Further, on the downstream side of the second transport unit 12 with respect to the paper transport direction, a discharge roller pair 16 for discharging the paper S on which the image is recorded to the outside of the main body of the apparatus is provided, and the downstream side of the discharge roller pair 16. Is provided with a discharge tray (not shown) on which the paper S discharged to the outside of the main body of the apparatus is loaded.

The maintenance unit 19 supports a plurality of wipers 35 (see FIG. 11) that can move along the ink ejection surface F1, a substantially rectangular carriage (not shown) to which the plurality of wipers 35 are fixed, and a carriage. It is composed of a support frame (not shown). The carriage (not shown) is slidably supported in the direction of arrow AA'with respect to the support frame (not shown).
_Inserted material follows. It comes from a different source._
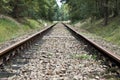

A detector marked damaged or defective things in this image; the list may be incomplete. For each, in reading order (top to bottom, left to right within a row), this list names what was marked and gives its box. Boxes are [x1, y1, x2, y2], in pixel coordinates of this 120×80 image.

rusty rail [0, 23, 55, 65]
rusty rail [62, 23, 120, 66]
The wiper 35 is an elastic member (for example, a rubber member made of EPDM) for wiping the cleaning liquid 23 supplied to the cleaning liquid supply surface F2 from the cleaning liquid supply port 60a (see FIG. 5) of each recording head 17. .. The wiper 35 is pressed against a portion (here, an inclined surface 62) on the upstream side in the wiping direction with respect to the cleaning liquid supply region R2 (see FIG. 4) of the cleaning liquid supply member 60, and is moved by the carriage (not shown). Wipe the cleaning liquid supply surface F2 and the ink ejection surface F1 in a predetermined direction (arrow A direction).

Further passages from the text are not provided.